WWD sat down this week with Margot Robbie to discuss her Chanel ad campaign, costarring Jacob Elordi, future projects and more.

“Are you surviving in the heat out there?” asked Margot Robbie.

It hit 105 degrees in Beverly Hills, and as high as 119 degrees in the Valley. More importantly, given her pregnancy, was she?

“Barely,” she laughed, a mini fan in hand.

Robbie, the 34-year-old Australian actress and star of “Barbie,” had just made her baby bump “debut” — as headlines put it this week — at the Los Angeles premiere of “My Old Ass,” produced by her company LuckyChap Entertainment. She’s expecting her first child with husband and business partner Tom Ackerley.

It was now Tuesday afternoon. Sitting in a presidential suite of a five-star hotel in L.A., wearing head-to-toe Chanel, she had beauty news to share. An ambassador for Chanel since March 2018, Robbie has entered a new era with the French house: she’s the face of Chanel No.5.

“I’ve just always known about Chanel No.5,” Robbie said of her history with the fragrance, which comes in five interpretations. There’s the original Parfum created in 1921; Eau de Toilette, out in 1924; Eau de Parfum in 1986; Eau Premiere in 2008, and L’Eau in 2016, composed by Chanel in-house perfumer Olivier Polge.

Robbie joins spokesmodels that have included Catherine Deneuve, Nicole Kidman and Chanel herself, who appeared in its first advertisement. And of course, there’s Marilyn Monroe, who’s closely connected with the scent after famously naming it in a 1952 Time cover story.

“It’s iconic and an iconic brand,” Robbie went on. “It’s that thing that you always associate with absolute height of luxury. At least that’s how I always felt about Chanel. Now I’m in the Chanel family; I associate with more personal memories and things that I’ve gotten to do.”

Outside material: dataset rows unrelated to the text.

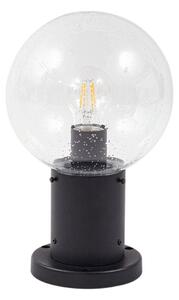 Zewnętrzna Lampa Lindby, Dangan, ściemnialny, czarny, taras, szkło, nowoczesny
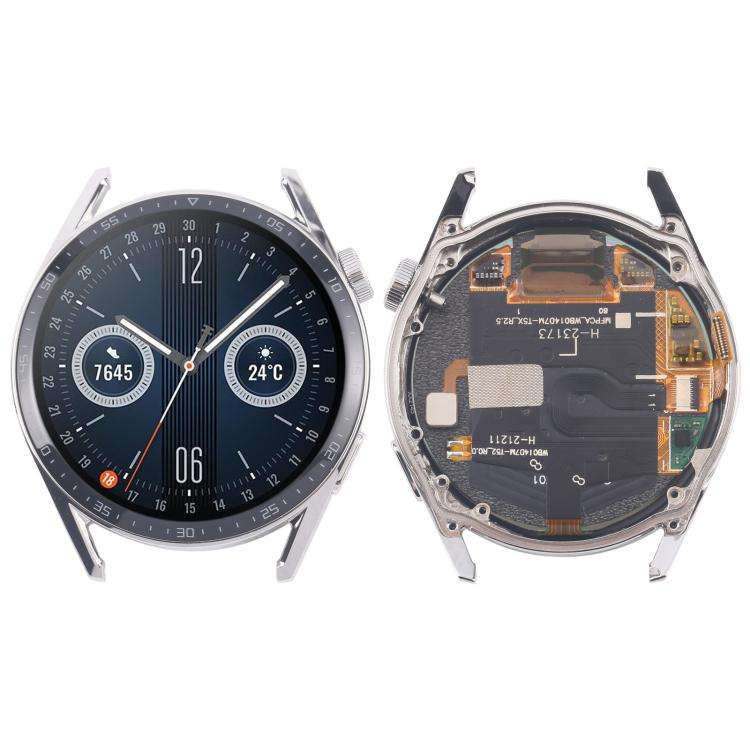 For Huawei Watch GT 3 46mm JPT-B29 Single Cable LCD Screen Digitizer Full Assembly with Frame, Fo...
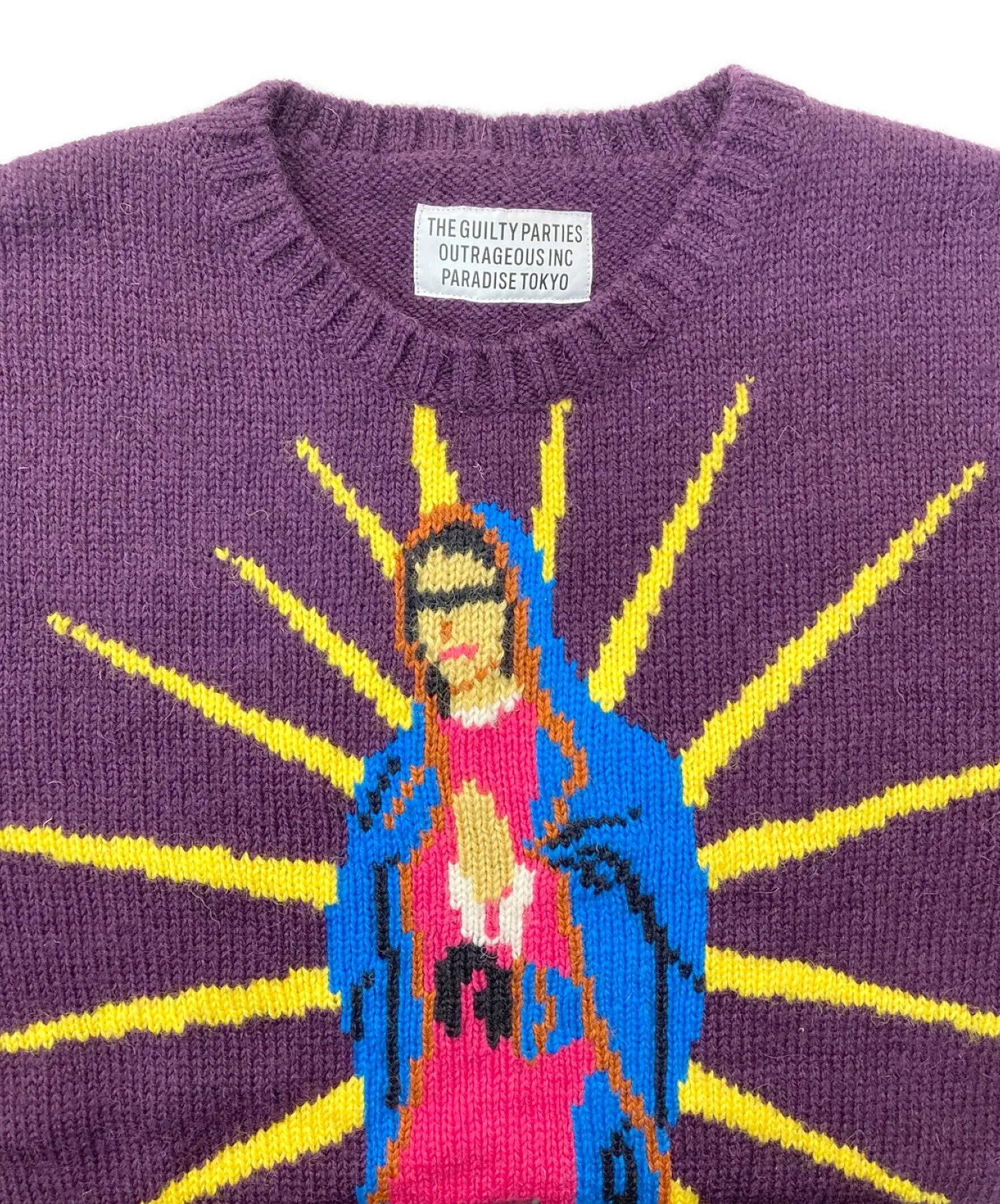 [Pre-owned] WACKO MARIA Knit Jacquard Sweater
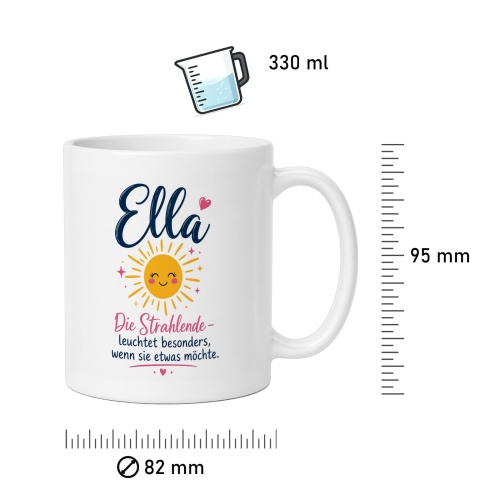 Tasse »Ella – Die Strahlende«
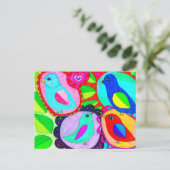 Birds say they Want Freedom! Briefkaart (Staand voorkant)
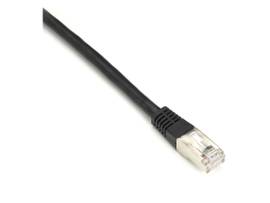 CAT5e 100-MHz Molded SlimLine Patch Cable F/UTP CM PVC BK 7FT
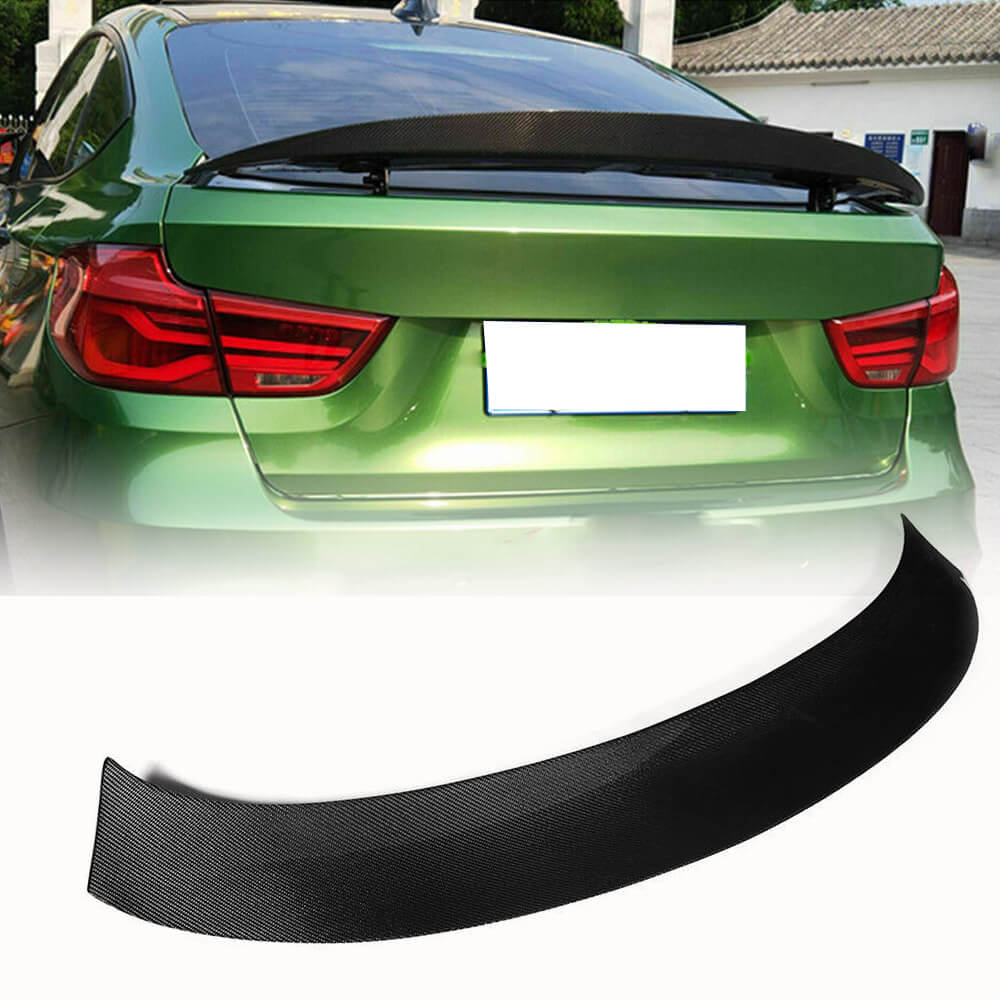 Fits for BMW 3 Series F34 xDrive GT 14-18 Real Carbon Fiber Rear Trunk Spoiler Boot Wing Lip Factory Outlet | 316i 318i 320i 328i 330i 335i 340i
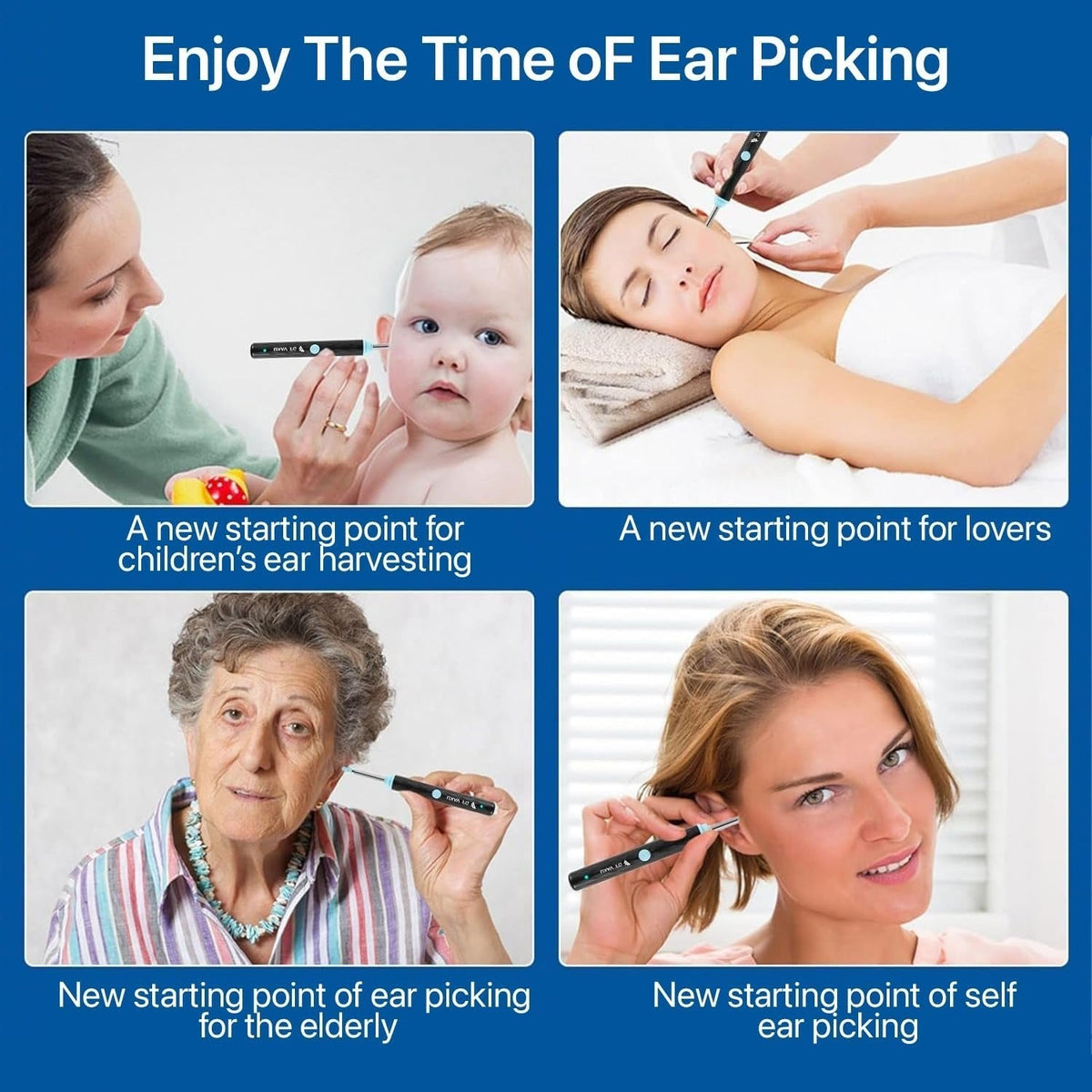 Rechargeable Smart Wireless Ear Camera Kit – Visual Ear Wax Removal Tool
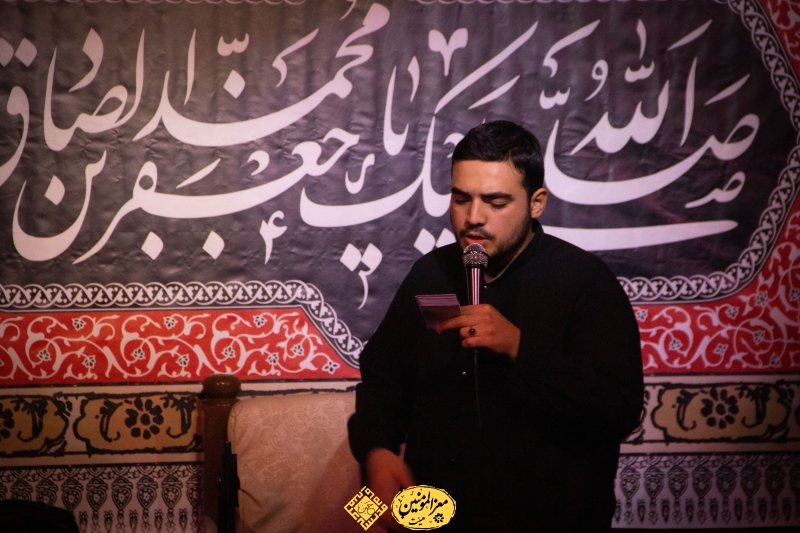 شهادت امام صادق علیه السلام حجج اسلام فیروزجایی و عالمی با شعر خوانی سید امیرعلی موسوی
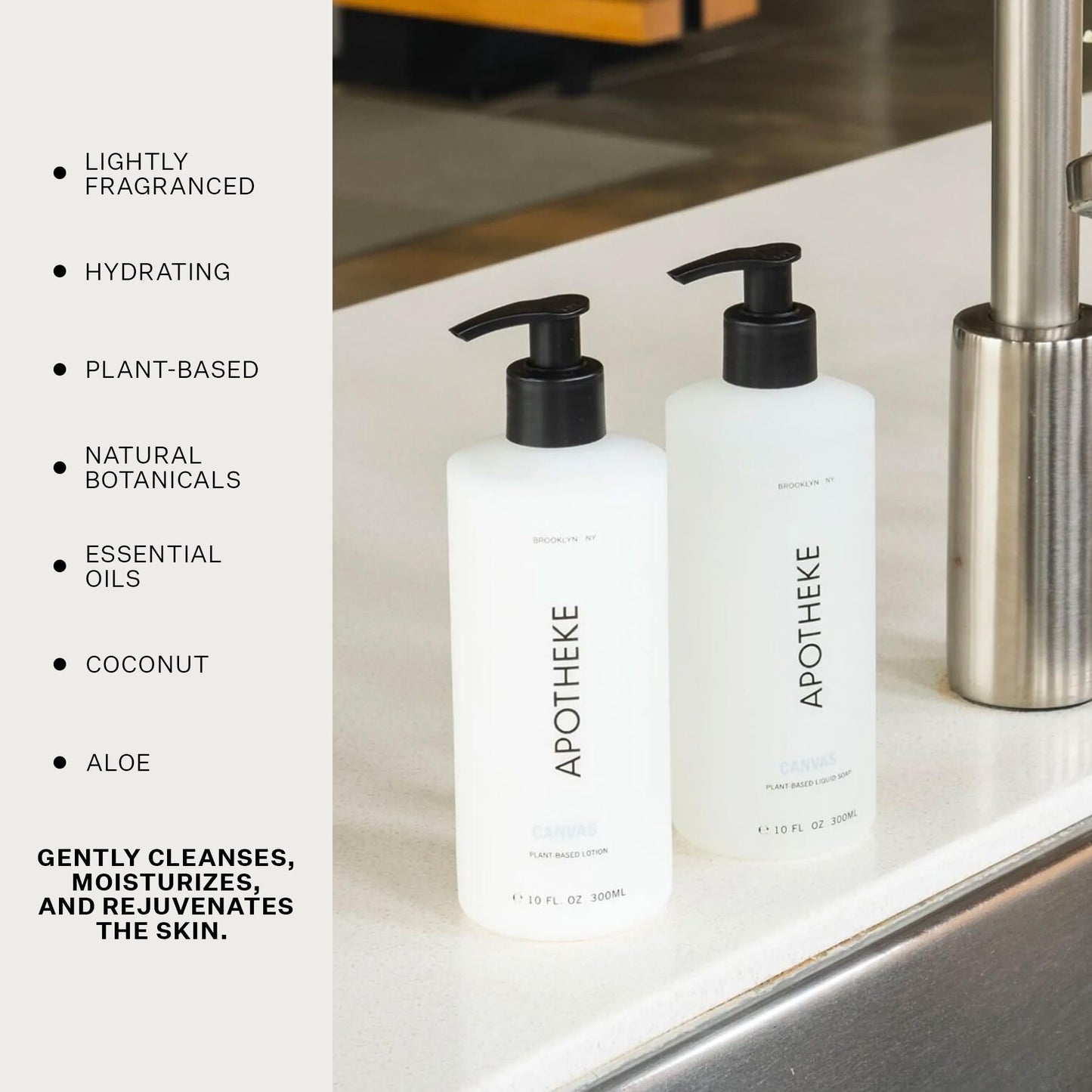 APOTHEKE Liquid Hand Soap, Hinoki Lavender - 10 Fl Oz Hydrating Handsoap with Premium Fragrance Oils Gently Cleanses, Moisturizes & Rejuvenates Skin - Scented Hand Wash for Kitchen & Bathroom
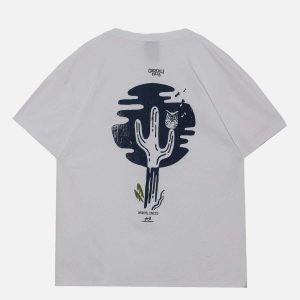 youthful cactus graphic tee   vibrant streetwear icon 8484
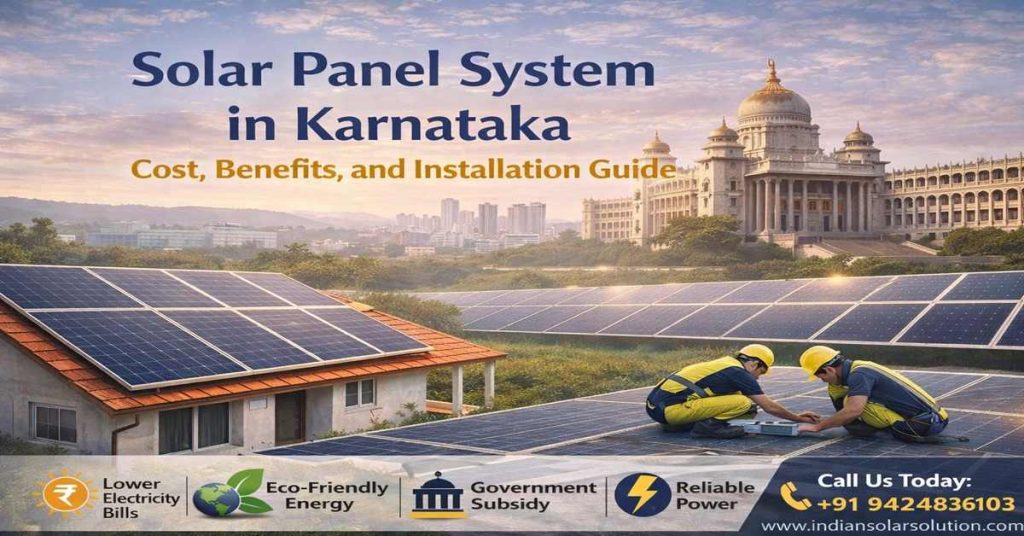 solar panel installation in Karnataka rooftop system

Most recently, that was working with Luca Guadagnino, who directed its campaign film. Robbie stars alongside fellow Australian actor Jacob Elordi. “I wanted to work with Luca Guadagnino for so long,” she said.

Guadagnino makes movies about desire, he says in a behind-the-scenes video of the campaign, and how desire can both pull people together and apart.

“He can create that sensual mood in a very cinematic way,” Robbie said of Guadagnino. “I also love that about his films, so I think we definitely played with that [desire]. It was more playful in this, because the tone of it actually is quite light.”

Robbie and Elordi have a missed rendezvous in the ad. Robbie’s character is seen getting ready for her date with excitement and anticipation. When the two miss one another in a twist of fate, she laughs it off, diving into the ocean and resurfacing in the light.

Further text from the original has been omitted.